In lua, howevr, the definition is much more vague, and many times code which operates on "arrays" actually works on the sequence 1..n where element n+1 is missing/nil.

There's also no standard definition of how a lua value should be converted to JSON.

Another issue is holes in an array; if any entry in the middle of a Lua array is set to nil then mpv will assume that the table is a map and then immediately crash because the table contains numeric keys

Yup. Not crash but intentionaly throw an error that a map key is not a strring. The mpv algorithm here is that if there are more elements at the table than "array indices" (1.. some n), then consider it a map. This works fine if it's exactly-array or exactly-map, but then if it did already have array indices (numeric) then it's guaranteed to be a non-string key and it errors. Arguably not an amazing algorithm.

In general, not all lua tables have a 1:1 translation to an mpv node (or JSON for this matter), and sometimes there is but it's ambiguous (empty table into emty array or empty map?).

For mpv needs, mpv node is enough, and mpv doesn't have a way to store or use more complex structures which a lua table can hold, etc.

Currently something will go wrong if a lua table is not exactly either a lua array (sequence of numeric keys 1..n and nothing more), or a map with only string keys. This means that some mpv-nodes can't be created (arrays with holes and few more).

Also, if mpv returns an empty lua table then it adds a tag member which indicates whether it's an array or map (which is being considered if it later needs to convert this table into an mpv node).
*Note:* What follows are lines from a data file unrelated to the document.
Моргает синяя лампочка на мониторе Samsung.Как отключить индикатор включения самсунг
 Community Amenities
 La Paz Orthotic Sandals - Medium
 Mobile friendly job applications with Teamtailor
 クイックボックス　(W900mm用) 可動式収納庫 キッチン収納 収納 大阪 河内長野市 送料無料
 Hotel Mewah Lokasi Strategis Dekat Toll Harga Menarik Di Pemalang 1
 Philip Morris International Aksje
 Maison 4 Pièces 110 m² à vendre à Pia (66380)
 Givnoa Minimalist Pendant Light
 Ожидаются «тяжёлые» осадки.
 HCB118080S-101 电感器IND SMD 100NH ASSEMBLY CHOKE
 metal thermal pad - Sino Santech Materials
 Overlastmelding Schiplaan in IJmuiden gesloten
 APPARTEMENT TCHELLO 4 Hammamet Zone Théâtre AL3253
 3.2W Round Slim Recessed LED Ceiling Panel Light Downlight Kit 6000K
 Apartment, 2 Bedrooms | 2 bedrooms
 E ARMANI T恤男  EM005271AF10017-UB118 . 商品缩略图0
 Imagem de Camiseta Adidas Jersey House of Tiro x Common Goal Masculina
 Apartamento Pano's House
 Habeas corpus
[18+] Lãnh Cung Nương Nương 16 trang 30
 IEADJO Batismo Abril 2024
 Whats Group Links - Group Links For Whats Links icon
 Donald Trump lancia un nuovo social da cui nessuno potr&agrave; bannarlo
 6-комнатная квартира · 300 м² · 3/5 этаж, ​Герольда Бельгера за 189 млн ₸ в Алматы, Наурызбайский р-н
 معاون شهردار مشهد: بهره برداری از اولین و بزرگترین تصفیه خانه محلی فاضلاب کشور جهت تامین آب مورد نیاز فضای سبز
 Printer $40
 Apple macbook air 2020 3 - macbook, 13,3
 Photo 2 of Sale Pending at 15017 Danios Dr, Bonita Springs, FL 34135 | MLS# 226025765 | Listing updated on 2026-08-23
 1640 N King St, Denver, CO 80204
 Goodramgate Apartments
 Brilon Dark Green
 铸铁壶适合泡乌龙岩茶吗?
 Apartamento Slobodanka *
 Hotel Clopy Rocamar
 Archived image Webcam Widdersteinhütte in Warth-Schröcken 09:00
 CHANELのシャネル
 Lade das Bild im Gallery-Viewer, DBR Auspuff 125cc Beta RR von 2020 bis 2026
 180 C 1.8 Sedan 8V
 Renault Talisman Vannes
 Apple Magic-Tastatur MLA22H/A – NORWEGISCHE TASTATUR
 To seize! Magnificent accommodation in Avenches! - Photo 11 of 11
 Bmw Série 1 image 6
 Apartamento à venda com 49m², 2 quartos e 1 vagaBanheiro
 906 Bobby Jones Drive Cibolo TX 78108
So the question here is what to do about these, and the 4 suggestions i posted earlier still stand. Do you have a preference between those? or maybe something else?

my most common use of 'format_json is to transfer arbitrary lua tables between scripts over script messages

Right, it is a good use case, but obviously JSON can't encode losslessly arbitrary lua (or JS) tables, for many reasons even beyond the mixed array/map one and non-string keys (elements which refer to functions and other internal types, cycles, etc).

So regardless if it throws or returns nil,error (or converts in some lossy way), it just can't convert perfectly.

There can be lossless custom encodings to some lua tables which JSON still can't hold (mixed array/map tables), but such tables are probably not very portable (js can't hold them, and neither can mpv-node). FWIW, there are also mpv-node which lua/js can't hold (map with duplicate keys, but luckily mpv tries to avoid such internal nodes).

So basically there are two subjects here:

  1. format_json doesn't behave as documented.
  2. can we generally or specifically improve the cases where a translation either way between mpv node and a lua table is lossy (behavior, docs, etc).

I think that improving the docs could be enough here, because if there's no 1:1 translation then ultimately there's no perfect behavior, and we need to decide between several suboptimal ones.